È un evento assolutamente singolare Slam X, melting di musica, spoken word, teatro e performance che si tiene a Milano, al Cox 18, in Conchetta, il 13 e 14 dicembre, organizzato da Agenzia X, una casa editrice davvero particolare, animata da uno degli intellettuali ed artisti più intensi ed originali d’Italia, Marco Philopat, e da un giovane autore, Andrea Scarabelli, che lo affianca da tempo.

Nato ormai 5 anni fa, pian piano Slam X è cresciuto ed ha incominciato a viaggiare, a uscire da Milano, approdando allo Sherwood Festival di Padova. Da quest’anno raddoppia, dedicando l’intera serata di venerdì al Premio Dubito di poesia per musica e alla presentazione del libro che ospita le opere finaliste e quelle del vincitore Gabriele Stera.

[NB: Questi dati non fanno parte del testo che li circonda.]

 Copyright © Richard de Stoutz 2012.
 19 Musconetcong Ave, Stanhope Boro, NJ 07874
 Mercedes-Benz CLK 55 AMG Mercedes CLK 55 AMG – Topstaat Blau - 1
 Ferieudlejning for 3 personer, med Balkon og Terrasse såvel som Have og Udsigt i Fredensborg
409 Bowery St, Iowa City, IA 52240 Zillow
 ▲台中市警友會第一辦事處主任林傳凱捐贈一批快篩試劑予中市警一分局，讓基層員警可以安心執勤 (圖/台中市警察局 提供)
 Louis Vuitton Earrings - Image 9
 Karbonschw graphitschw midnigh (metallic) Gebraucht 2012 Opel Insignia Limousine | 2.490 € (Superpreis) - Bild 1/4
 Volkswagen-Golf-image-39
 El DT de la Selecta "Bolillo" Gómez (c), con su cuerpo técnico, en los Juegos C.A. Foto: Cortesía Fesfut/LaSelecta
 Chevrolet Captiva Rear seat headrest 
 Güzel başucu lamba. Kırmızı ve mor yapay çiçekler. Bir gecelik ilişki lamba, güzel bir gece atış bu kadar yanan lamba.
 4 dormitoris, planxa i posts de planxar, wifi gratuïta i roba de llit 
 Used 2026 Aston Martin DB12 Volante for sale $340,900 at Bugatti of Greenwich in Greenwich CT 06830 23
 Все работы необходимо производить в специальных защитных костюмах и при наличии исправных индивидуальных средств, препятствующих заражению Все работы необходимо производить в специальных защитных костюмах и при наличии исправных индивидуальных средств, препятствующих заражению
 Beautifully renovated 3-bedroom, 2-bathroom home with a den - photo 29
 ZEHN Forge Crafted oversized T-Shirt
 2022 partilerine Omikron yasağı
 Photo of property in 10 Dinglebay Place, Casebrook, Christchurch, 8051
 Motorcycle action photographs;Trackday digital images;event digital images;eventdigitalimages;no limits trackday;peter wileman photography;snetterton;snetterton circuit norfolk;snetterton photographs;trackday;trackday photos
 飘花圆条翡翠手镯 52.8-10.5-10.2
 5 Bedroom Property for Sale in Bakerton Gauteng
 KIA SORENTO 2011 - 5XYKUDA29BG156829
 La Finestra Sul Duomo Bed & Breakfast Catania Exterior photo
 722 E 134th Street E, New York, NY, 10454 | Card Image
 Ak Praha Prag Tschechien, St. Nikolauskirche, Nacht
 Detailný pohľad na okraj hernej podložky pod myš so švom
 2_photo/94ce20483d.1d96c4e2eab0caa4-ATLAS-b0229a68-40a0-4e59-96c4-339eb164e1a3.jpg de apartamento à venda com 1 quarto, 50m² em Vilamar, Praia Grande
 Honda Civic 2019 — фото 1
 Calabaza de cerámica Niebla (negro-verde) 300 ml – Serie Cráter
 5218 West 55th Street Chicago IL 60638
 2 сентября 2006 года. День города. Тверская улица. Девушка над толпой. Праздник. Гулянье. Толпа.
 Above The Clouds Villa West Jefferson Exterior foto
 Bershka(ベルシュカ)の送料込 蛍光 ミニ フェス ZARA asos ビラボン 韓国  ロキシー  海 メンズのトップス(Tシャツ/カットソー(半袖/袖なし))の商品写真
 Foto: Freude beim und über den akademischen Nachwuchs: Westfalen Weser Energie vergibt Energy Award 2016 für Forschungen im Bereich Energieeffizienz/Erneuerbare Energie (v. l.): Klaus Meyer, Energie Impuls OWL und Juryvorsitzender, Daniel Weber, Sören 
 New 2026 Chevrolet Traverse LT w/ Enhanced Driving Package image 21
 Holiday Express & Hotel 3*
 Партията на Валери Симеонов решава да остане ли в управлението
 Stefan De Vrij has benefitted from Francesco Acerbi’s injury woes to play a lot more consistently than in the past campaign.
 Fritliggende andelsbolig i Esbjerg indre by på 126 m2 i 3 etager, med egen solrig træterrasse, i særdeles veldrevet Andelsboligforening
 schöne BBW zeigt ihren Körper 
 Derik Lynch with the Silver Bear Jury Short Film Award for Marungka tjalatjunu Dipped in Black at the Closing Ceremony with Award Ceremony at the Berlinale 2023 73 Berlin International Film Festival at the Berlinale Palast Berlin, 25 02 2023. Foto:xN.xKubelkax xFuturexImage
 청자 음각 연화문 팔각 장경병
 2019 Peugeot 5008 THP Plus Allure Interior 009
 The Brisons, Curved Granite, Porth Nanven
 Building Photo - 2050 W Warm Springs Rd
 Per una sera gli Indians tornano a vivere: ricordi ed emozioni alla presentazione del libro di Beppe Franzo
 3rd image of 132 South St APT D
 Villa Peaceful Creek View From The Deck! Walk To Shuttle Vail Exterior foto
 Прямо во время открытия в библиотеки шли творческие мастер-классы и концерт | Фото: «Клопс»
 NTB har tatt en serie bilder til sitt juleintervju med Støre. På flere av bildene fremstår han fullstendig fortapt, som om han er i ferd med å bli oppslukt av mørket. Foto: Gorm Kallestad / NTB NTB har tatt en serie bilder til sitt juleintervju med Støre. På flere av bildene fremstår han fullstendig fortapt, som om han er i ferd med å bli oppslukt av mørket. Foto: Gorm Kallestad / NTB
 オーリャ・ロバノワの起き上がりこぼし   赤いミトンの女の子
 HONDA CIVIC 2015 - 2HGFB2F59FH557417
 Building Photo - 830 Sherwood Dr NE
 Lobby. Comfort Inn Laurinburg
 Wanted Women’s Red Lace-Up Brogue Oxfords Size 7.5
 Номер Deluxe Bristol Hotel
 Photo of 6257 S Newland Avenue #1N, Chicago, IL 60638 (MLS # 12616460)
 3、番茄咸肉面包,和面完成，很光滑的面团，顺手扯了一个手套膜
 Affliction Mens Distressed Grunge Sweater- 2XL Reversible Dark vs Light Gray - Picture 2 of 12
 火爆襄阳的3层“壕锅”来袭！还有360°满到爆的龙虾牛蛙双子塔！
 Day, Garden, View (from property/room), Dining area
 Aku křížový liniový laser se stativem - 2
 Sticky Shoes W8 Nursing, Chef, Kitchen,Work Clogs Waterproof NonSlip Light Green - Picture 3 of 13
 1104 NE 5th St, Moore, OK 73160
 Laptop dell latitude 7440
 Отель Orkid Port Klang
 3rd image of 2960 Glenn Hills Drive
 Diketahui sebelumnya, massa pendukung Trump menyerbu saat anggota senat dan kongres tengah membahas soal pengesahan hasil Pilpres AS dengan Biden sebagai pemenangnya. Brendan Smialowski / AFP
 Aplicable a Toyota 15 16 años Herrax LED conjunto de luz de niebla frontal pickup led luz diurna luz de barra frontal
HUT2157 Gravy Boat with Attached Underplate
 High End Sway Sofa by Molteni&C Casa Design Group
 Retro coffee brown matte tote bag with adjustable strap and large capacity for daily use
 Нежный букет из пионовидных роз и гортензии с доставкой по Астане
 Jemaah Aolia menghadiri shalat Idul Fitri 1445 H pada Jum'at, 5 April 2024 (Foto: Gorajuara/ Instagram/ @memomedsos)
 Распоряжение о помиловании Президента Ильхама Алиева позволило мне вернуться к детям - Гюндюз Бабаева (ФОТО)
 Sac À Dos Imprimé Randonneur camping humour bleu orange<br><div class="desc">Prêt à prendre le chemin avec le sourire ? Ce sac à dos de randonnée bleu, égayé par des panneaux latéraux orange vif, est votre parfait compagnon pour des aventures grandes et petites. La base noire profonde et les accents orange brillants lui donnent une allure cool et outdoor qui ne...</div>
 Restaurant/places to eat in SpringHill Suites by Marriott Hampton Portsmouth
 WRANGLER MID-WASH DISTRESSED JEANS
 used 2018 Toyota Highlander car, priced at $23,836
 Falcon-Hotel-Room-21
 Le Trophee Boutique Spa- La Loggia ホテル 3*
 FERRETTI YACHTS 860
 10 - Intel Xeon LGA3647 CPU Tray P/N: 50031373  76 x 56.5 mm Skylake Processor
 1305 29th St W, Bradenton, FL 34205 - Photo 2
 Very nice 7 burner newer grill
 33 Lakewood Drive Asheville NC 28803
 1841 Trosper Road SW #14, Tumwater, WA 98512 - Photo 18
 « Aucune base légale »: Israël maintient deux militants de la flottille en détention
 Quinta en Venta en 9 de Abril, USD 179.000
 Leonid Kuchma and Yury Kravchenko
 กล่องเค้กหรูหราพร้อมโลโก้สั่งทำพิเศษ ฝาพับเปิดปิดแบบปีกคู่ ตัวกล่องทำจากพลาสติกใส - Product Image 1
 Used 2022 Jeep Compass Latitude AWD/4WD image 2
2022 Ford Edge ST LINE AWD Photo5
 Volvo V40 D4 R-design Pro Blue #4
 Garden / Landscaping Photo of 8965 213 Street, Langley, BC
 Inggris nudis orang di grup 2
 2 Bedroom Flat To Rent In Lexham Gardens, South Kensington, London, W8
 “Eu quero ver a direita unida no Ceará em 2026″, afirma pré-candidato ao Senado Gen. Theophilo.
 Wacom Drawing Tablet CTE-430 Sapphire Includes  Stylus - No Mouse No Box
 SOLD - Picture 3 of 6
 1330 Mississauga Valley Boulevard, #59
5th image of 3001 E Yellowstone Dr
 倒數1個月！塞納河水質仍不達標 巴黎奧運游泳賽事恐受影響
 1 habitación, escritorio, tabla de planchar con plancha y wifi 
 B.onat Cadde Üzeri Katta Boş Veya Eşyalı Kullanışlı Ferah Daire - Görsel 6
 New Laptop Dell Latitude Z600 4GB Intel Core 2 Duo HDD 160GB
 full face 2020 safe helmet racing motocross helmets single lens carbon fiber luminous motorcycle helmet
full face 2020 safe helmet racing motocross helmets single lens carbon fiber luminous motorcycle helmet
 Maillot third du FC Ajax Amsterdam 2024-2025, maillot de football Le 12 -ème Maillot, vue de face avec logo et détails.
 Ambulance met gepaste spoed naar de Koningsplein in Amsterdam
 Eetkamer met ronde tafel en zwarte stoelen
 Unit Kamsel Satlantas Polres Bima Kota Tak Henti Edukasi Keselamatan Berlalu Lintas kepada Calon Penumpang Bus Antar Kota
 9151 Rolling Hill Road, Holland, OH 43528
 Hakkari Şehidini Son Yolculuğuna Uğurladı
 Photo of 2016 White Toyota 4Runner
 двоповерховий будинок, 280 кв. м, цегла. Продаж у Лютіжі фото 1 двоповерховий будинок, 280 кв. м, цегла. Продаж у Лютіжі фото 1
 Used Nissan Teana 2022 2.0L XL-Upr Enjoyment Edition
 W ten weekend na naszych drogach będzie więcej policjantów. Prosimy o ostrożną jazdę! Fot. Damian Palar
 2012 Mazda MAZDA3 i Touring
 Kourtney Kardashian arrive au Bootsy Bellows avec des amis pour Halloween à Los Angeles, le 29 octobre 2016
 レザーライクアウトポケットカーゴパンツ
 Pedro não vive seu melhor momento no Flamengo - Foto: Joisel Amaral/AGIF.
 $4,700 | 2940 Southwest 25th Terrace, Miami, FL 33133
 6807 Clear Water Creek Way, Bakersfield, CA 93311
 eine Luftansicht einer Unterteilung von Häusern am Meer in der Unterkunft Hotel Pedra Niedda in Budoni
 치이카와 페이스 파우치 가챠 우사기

E dunque ci sarò anch’io fiero di stringere in mano la mia copia di L’epoca che scrivo, la rivolta che mordo.

In realtà Slam X, pur sotto le vesti di occasione più che mai eterogenea, ha il preciso obiettivo di focalizzare l’attenzione sulla parola d’arte e sulla sua capacità di leggere il nostro presente e le sue contraddizioni. Di scoprire e svolgere una funzione in esso, pur nella coscienza dell’effimero dell’arte nei confronti della macrostruttura, ma anche certi del suo valore nell’organizzazione degli immaginari, che per molti versi, nelle società dello spettacolo possono influenzare e modificare le macrostrutture, nel loro trasformarsi in scelte, stili di vita, comunicazione, consumo, sin in modalità di lotta, poiché, oggi più che mai, la prassi inizia e si fonda nell’immaginario.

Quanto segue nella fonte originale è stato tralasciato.